We are using DHash as the back-end for two applications with high data storage requirements. As we scale up these applications, the amount of data stored in DHash and the number of nodes participating in DHash increases as well. The result of this is that our implementation is being constantly adjusted, improved and evaluated in the context of our applications.

Application: UsenetDHT -- UsenetDHT is a DHT-based replacement for the Usenet messaging system. UsenetDHT presents the existing Usenet interface to clients but reduces storage and bandwidth costs by storing articles in a DHT rather than replicating them at each server. In UsenetDHT, the bandwidth required to support read and writes for the full Usenet feed is around 200KB/s; additionally, simulations suggest that to maintain the availability of this data in a relatively stable environment is on the order of 1-2Mbps.
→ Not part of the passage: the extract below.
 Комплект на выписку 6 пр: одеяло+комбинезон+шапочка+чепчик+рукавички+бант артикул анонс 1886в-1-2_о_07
By contrast, a traditional Usenet server must dedicate around 20MB/s to carry a full feed.

Application: OverCite -- OverCite is a new architecture for a distributed and cooperative research library based on a DHT. OverCite provides the same services as CiteSeer on a distributed set of nodes, eliminating the need for a single institution to contribute all of the resources necessary to run CiteSeer; the resource and bandwidth requirement of each participating node is significantly reduced. DHash serves as a distributed storage layer which, because of its robust and scalable models for data management and peer communication, allows the decentralization of the CiteSeer infrastructure and the inclusion of additional CPU and storage resources. Besides serving as a distributed, robust archive of data, DHash simplifies the coordination of distributed activities, such as crawling. Finally, DHash acts as a rendezvous point for producers and consumers of meta-data and documents.